On 29 November 2018, it was announced that the railway had been placed into administration. Blair Milne, one of the administrators, cited that the company had become "unsustainably loss-making" after an extended closure in October 2018. Natural Retreats, the previous owners since 2013, released a press statement saying the firm still had "potential". That hope did not come to fruition and the company owed £2m.

=== Closure ===
The closure of the Cairngorm Mountain Railway funicular was due to "health and safety concerns" and "structural problems" according to reports in summer 2019. At the time, an engineering investigation was still underway to determine whether modifications would be "achievable and affordable", according to its then-owner, the Scottish government's Highlands and Islands Enterprise which also owns Cairngorm Mountain ski centre. The final findings of the consultants, SE Group, were released in July 2019, but a decision on how to proceed had not yet been made at that time.

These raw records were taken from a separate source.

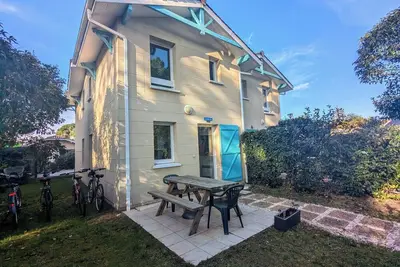 Maisonnette proche des plages dans résidence avec piscine + 4 vélos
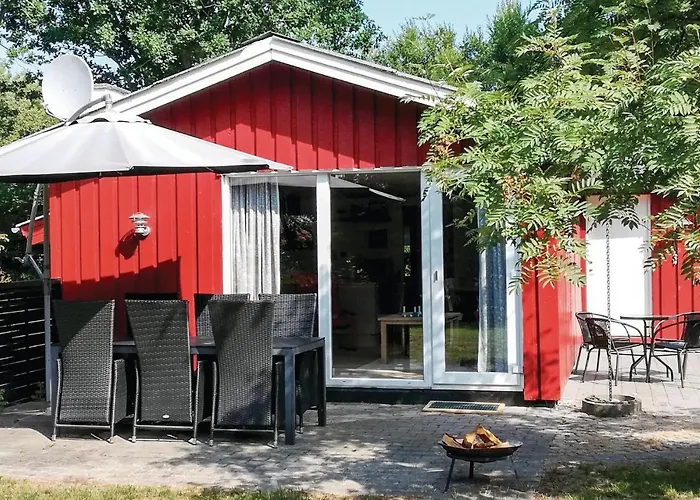 Three-bedroom In Hébergement de vacances Strandby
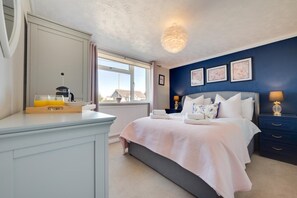 Iron/ironing board, travel crib, free WiFi, bed sheets - 2 Bed in Heacham (oc-2263) (Heacham)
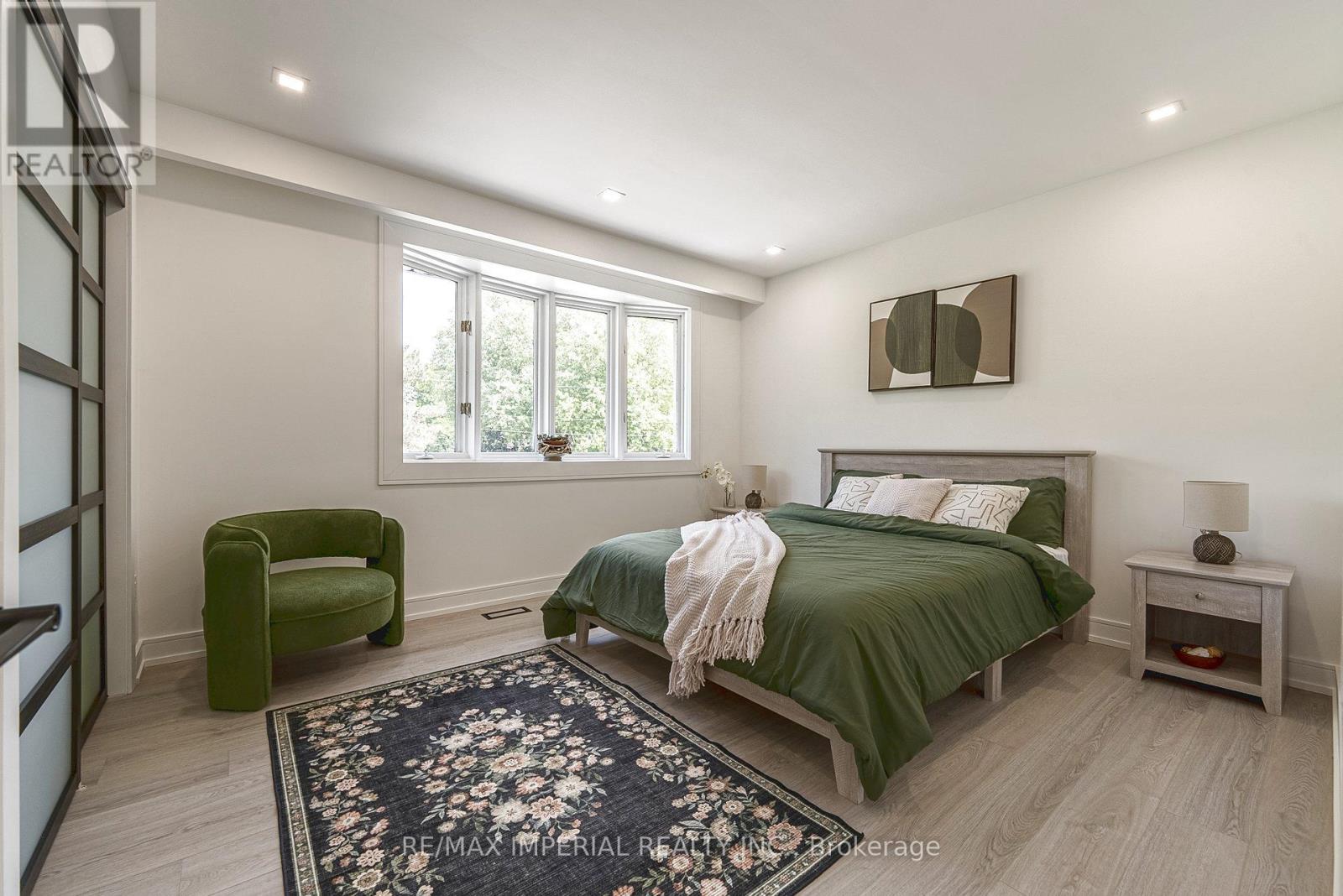 206 Richard Avenue, Newmarket, Ontario  L3Y 4P7 - Photo 25 - N12975580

=== Reinstatement and closure===
On 14 October 2020, the Scottish Government announced more than £16m would be spent on the reinstatement of the funicular railway as part of a £20m project. The programme of engineering works commenced in early November 2020. The works were completed late in 2022 and the railway resumed on 26 January 2023. It was closed again on 25 August 2023, when scarf joints installed during the remedial works were found to be out of tolerance. Despite Highlands and Islands Enterprise saying on 4 December 2024 that they expected it to open at the end of December, the railway did not open to the public again until 27 February 2025, before shutting again less than three months later, from 12 May 2025 to 2 June 2025, for three weeks maintenance work which included work on the concrete viaduct. In Autumn 2025 it shut for a further two short periods (21-23 September and 3-9 November) to complete work to "enhance the long-term durability of the viaduct.".

The Scottish Parliament’s Public Audit Committee raised concerns in February 2026 about whether the economic benefits of the funicular were could be outweighed by the costs to maintain it. The report noted the funicular's high repair costs, "troubled history", and lack of transparency in its governance structure.